Crawled caption data
-- Opening Marker --
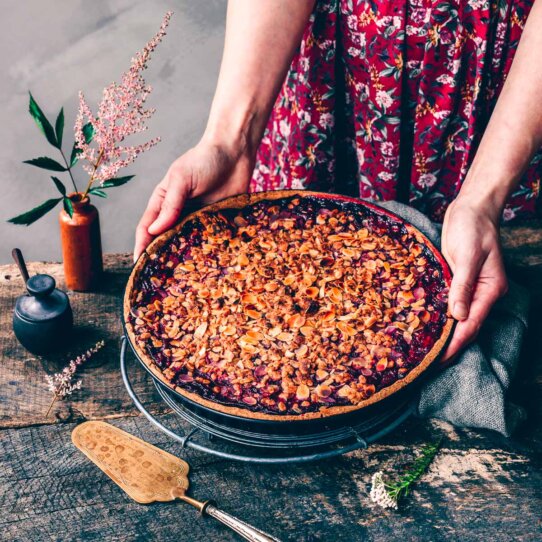 Kirschtarte mit knusprigen Mandelstreuseln und Vanillepudding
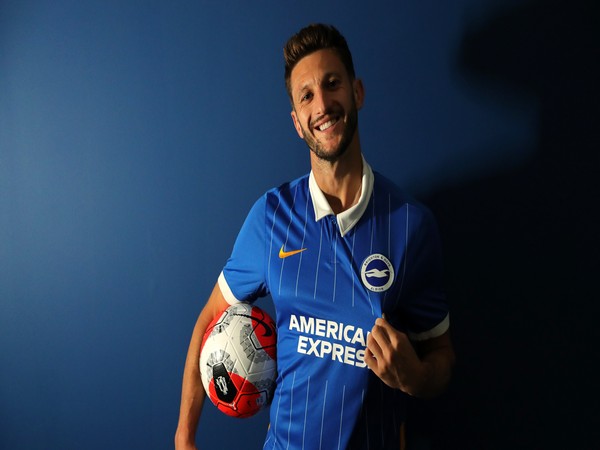 Adam Lallana (Photo/ Brighton and Hove Albion Twitter) 
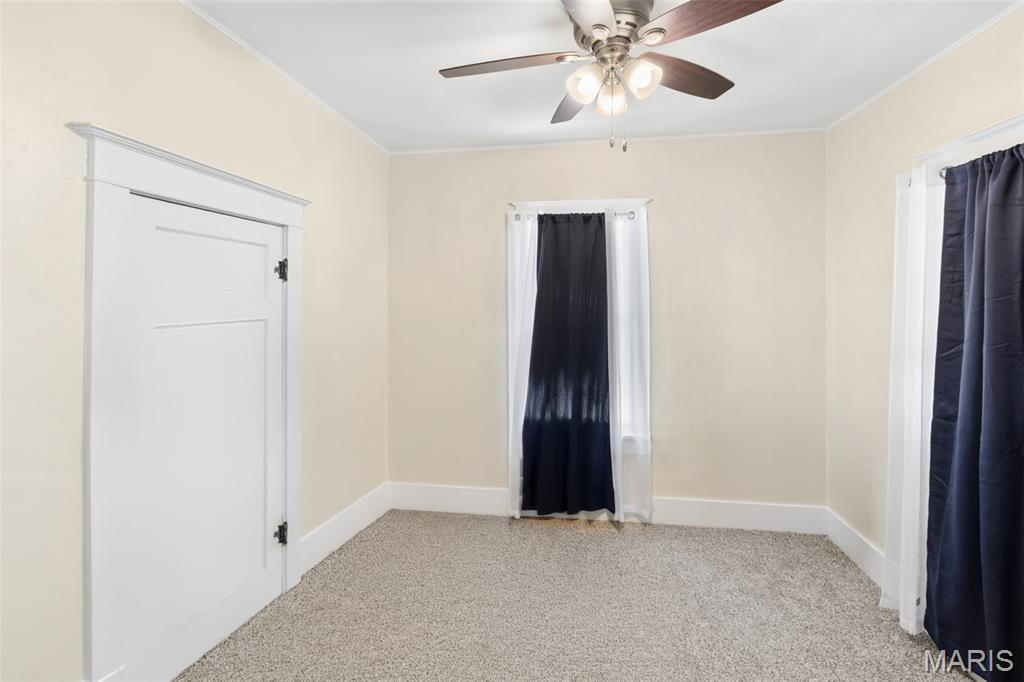 136 North Hamilton Street Hillsboro, IL 62049 - Photo 21 of 29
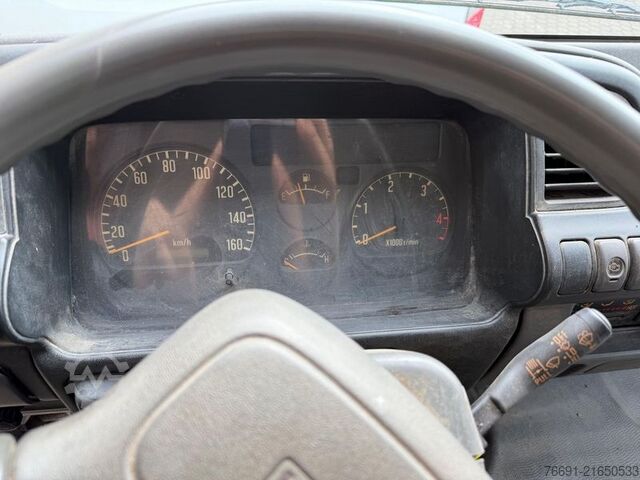 Transporter mit Pritsche & Plane Isuzu NPR 35 Centinato con Telo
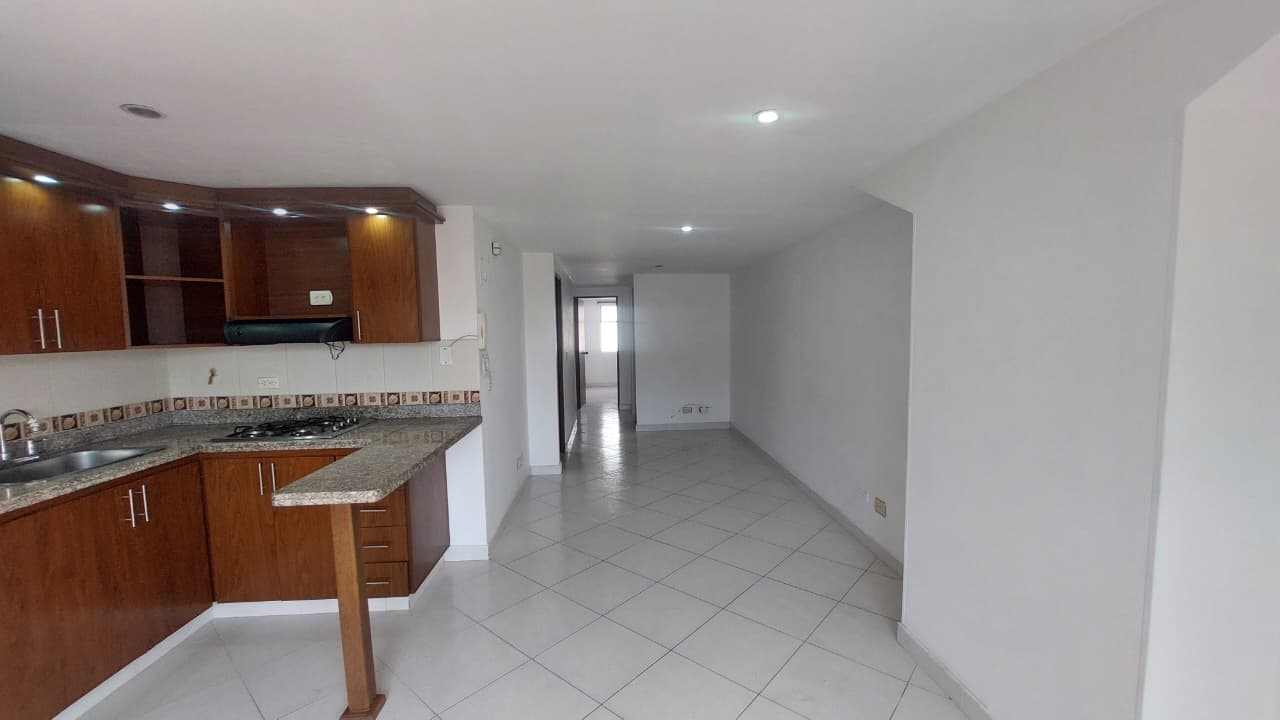 Apartment for Rent, San Jose Obrero Neighborhood, Emporium Plaza Complex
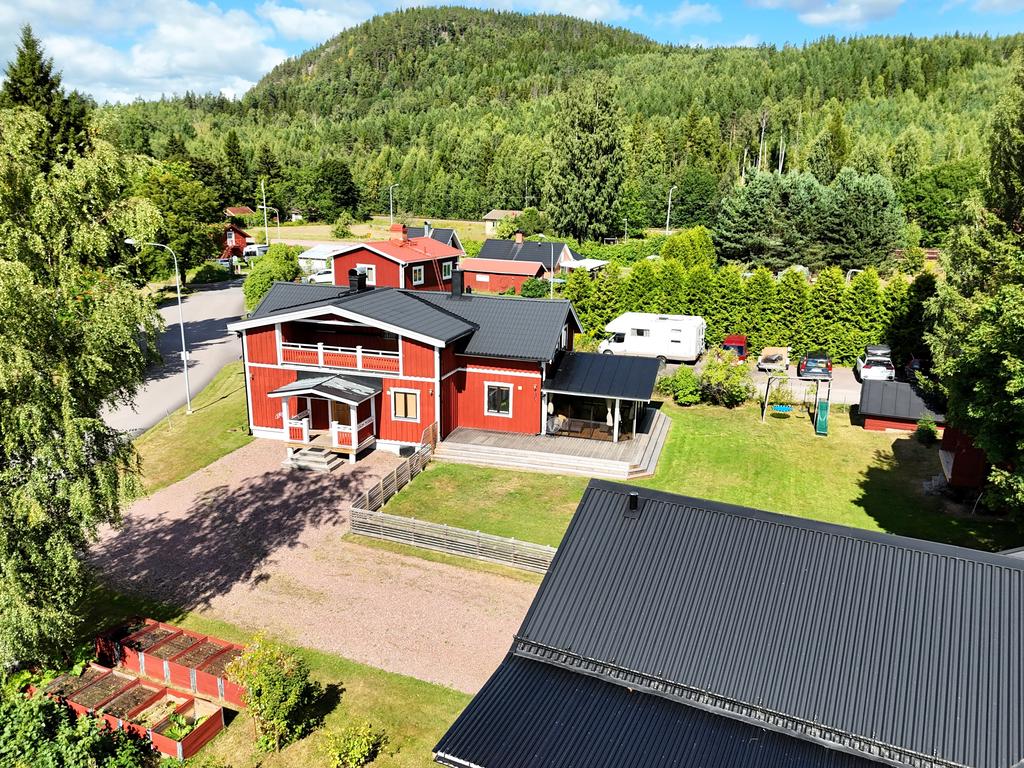 Fint läge mitt i Djurmo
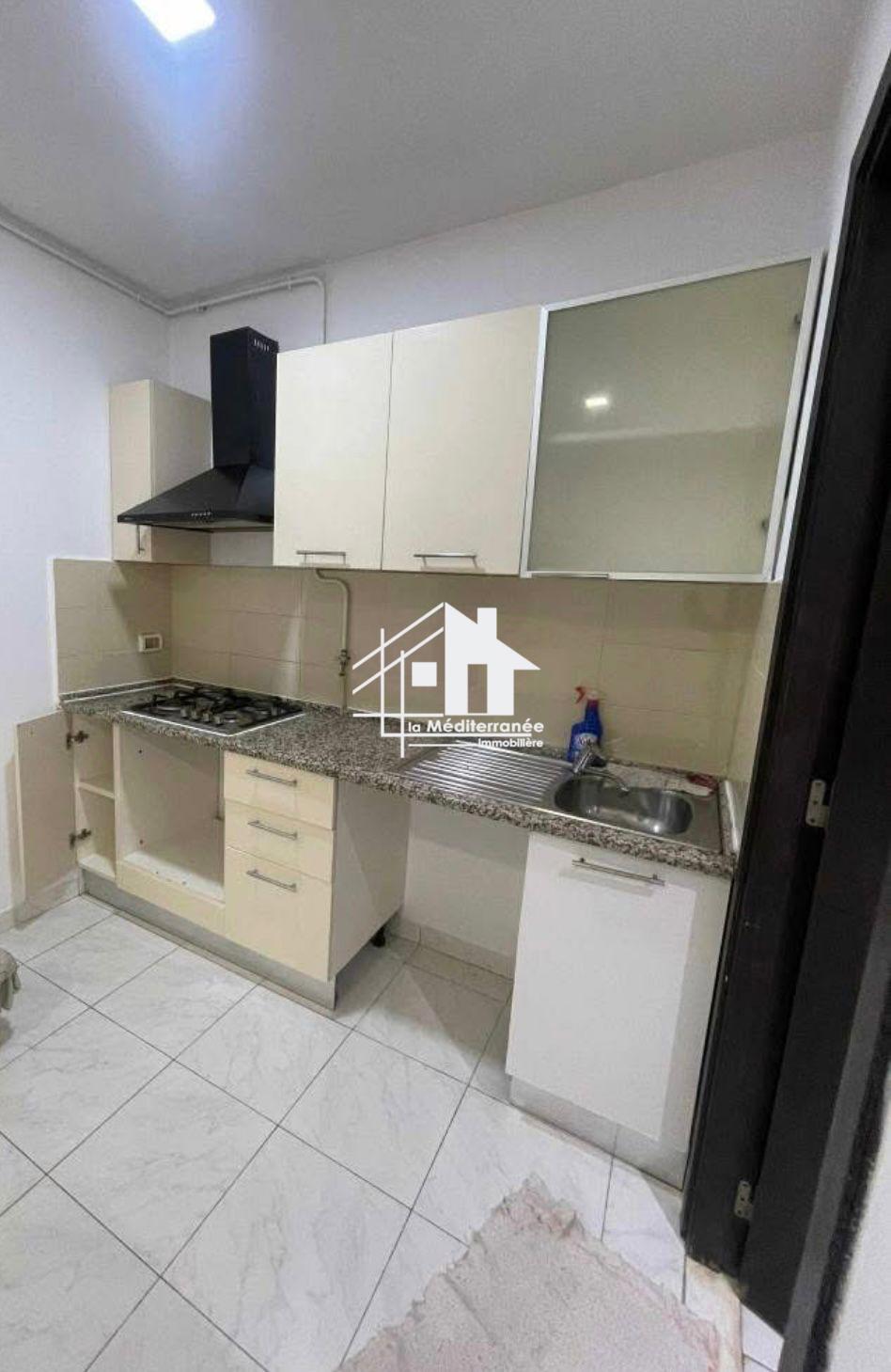 A louer appartement S+1 hst à el menzah 9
-- Closing Marker --
Exercise goal
Return only the lines from the line containing "Transporter mit Pritsche" through the last line of the records above, both ends included, exactly as written, leaving pictures out.

Response area
 Transporter mit Pritsche & Plane Isuzu NPR 35 Centinato con Telo
 Apartment for Rent, San Jose Obrero Neighborhood, Emporium Plaza Complex
 Fint läge mitt i Djurmo
 A louer appartement S+1 hst à el menzah 9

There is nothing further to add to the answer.